As part of their litigation, plaintiffs coordinated with the Florida Attorney General and the Florida Office of Financial Regulation, resulting in a representative for the Florida Attorney General’s Office speaking in favor of the civil action and class certification. After certification was granted, arduous mediation proceedings followed, finally resulting in payment of fines and restitution to the Florida agencies, a gross fund in the private class action, and equitable relief through the voiding of thousands of loans, representing tens of millions of dollars of debt lifted off the shoulders of Florida borrowers. As the court noted in granting final approval to the settlement in May 2017, “the combined total value of the settlement is close to $30 million,” including a cash fund of $14,417,810 for those class members who were charged interest rates over 18%, and the cessation of collection and enforcement of about $15 million in loan balances. The defendants were permanently enjoined from future lending in Florida.
The case serves as an important precedent on tribal lending, exposing the limits of for-profit lenders when they try to conceal their schemes behind a veneer of tribal immunity. As importantly, the case reflects that even after U.S. Supreme Court rulings have made it more difficult to attack abusive arbitration contracts, it can still be possible to do if the facts are well-documented in the record to show the Court the unfairness. Plaintiffs’ counsel’s work is also an important example of working with government actors, rather than treating them as competitors. The result was a symbiotic, ethical, information-sharing relationship that paid off with a coordinated resolution.
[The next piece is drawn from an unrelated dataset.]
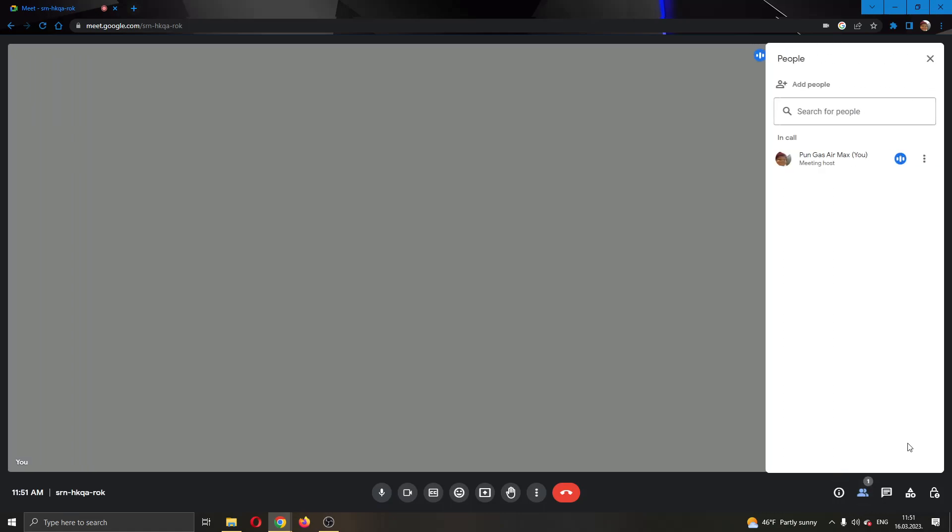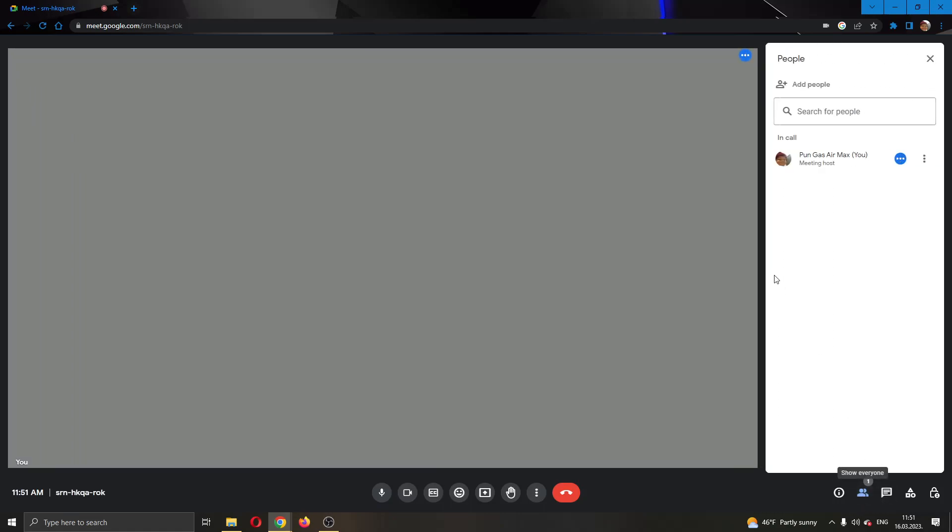Click show everyone and this will open up the people tab where everybody who is in the meeting will appear. As you can see I'm currently the only person in the meeting so I can only see myself, but if there are multiple people in the meeting they will all appear here and you'll be able to read all of their names and see who they are.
Team: Mona Lisa Wallace and John S. Hughes, Wallace & Graham, PA, Salisbury, N.C.; Janet Varnell and Brian Warwick, Varnell & Warwick, PA, Lady Lake, Fla.; Cathy Anne Williams and Aaron Goss, formerly of Wallace & Graham
Vang v. Prataya
In 2006, Thiawachu Prataya, a U.S. citizen, traveled to Laos and brutally raped 14-year old Panyia Vang, who became pregnant as a result of the rape and suffered immense physical and emotional pain caused by the sexual assault. Prataya, however, was never charged with a crime.
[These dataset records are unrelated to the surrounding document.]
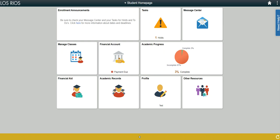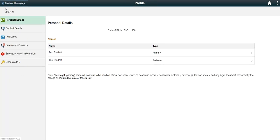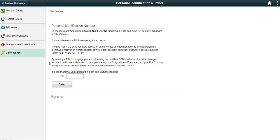Your PIN number can be accessed through the eServices student home page using the profile tile. Now click on the Generate PIN tab. You can create, change, or delete your PIN by simply entering, updating, or removing the PIN on this page.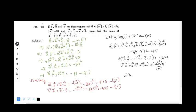Therefore, the value of a·b plus b·c plus c·a equals minus 625, and hence it is proved.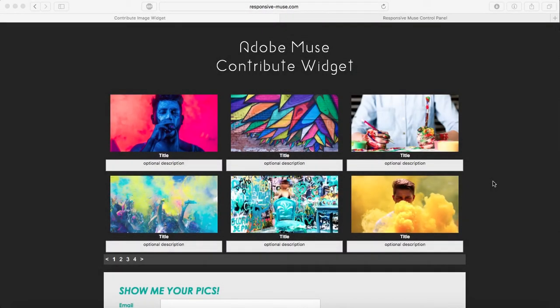Hey guys, in this tutorial I'm going to show you how our contribute widget works. With this widget you can create an image gallery like this one over here, or you can create a file browser.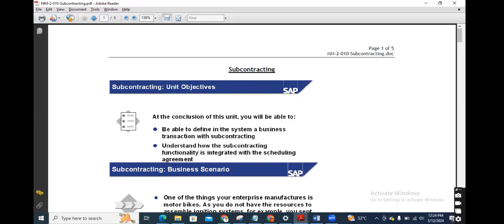We shall send components to the vendor — meaning the subcontractor — to make the finished goods. Then the vendor will produce the finished goods and deliver them within the stipulated delivery date. There are different movement types for goods movements. The first is movement type 541, to issue the components to the vendor from the company. No accounting document takes place for this movement.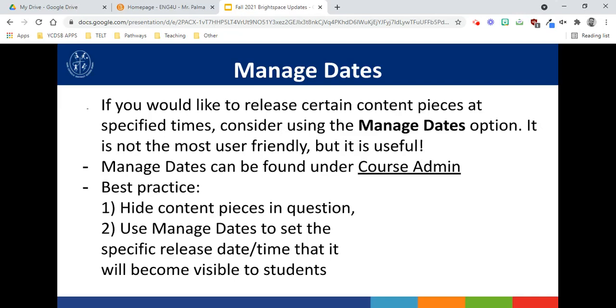Okay, the next feature is the Manage Dates feature. The Manage Dates feature has been around for a while, but it recently now includes content and other pieces that have been added to it, so you can now in a roundabout way release your content to students based off of dates.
In 2011, Vang met attorney Linda Miller and, the following year, Vang filed an unprecedented lawsuit seeking monetary damages for violations of federal laws against child sex tourism and trafficking.
On May 11, 2017, after a three-day trial in federal district court in Minnesota, the jury—after deliberating for approximately 10 hours—returned a complete victory for Vang on all three issues: the verdict stated that the defendant engaged in a sexual act with the plaintiff by using force against her, confirmed that the plaintiff was under 16 years of age at the time, and the court awarded Vang $950,000 in damages.
Believed to be the first civil jury verdict in a sex tourism case, the matter received widespread international coverage in publications ranging from the Associated Press to the Minneapolis Star-Tribune. Filed in 2012 and citing Masha’s Law, a 2006 federal statute that affords children the right to sue anyone who produces, distributes, or possesses pornographic images of them, the significance and impact of the verdict is undeniable. The case has sent a strong message that sex tourism will not be tolerated, and proved that U.S. citizens who travel overseas to engage in illicit sexual conduct can be tried and held accountable in federal court.
Team: Patrick Arenz, Robins Kaplan LLP, Minneapolis, Minn.; Adam Kohnstamm, formerly of Robins Kaplan LLP, Minneapolis, Minn.; Linda A. Miller, Linda A. Miller, P.A. and Civil Society, St. Paul, Minn.